## Work order:
Copy every line from the records that holds the word "Women".

Records excerpted from a collection
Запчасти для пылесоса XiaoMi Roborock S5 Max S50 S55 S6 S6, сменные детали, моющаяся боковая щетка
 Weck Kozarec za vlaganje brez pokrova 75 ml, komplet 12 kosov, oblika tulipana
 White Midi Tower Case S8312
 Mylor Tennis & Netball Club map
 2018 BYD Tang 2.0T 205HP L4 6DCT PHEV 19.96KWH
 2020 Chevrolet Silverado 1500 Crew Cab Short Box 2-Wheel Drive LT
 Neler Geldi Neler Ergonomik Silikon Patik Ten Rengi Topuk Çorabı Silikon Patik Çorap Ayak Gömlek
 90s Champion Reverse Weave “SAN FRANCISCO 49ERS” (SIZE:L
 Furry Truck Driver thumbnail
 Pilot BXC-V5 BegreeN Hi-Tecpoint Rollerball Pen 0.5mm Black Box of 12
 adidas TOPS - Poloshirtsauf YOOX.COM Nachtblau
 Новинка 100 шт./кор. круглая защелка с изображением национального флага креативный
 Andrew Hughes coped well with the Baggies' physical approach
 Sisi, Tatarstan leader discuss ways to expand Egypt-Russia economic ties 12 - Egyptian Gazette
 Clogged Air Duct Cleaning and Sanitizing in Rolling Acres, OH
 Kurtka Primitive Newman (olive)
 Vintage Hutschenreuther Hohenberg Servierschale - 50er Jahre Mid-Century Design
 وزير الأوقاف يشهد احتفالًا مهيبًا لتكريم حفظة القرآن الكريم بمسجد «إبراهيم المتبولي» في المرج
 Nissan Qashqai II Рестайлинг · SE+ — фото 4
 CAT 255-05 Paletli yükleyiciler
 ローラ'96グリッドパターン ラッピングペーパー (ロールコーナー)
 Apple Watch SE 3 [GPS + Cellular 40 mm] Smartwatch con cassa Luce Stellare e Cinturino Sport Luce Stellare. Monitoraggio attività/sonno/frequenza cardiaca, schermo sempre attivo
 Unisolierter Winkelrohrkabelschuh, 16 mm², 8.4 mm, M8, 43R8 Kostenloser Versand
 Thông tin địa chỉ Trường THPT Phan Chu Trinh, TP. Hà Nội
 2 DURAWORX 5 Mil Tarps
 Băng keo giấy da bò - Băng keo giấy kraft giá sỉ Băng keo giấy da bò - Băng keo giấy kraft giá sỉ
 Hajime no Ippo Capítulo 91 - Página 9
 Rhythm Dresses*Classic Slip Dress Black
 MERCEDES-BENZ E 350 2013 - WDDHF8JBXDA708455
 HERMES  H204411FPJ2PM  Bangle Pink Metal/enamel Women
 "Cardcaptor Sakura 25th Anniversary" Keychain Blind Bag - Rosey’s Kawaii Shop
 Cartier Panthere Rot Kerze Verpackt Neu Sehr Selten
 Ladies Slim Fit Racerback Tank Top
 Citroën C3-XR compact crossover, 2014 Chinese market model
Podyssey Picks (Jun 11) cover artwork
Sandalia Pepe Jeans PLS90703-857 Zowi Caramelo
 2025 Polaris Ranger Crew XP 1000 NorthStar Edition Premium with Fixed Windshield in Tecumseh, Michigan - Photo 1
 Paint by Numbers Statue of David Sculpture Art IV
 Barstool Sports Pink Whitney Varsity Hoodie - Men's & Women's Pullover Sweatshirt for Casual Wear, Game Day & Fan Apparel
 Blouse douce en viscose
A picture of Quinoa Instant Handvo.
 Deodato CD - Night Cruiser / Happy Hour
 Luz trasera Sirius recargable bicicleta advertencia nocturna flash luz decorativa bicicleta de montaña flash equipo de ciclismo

## Solution for this exercise:
 HERMES  H204411FPJ2PM  Bangle Pink Metal/enamel Women
 Barstool Sports Pink Whitney Varsity Hoodie - Men's & Women's Pullover Sweatshirt for Casual Wear, Game Day & Fan Apparel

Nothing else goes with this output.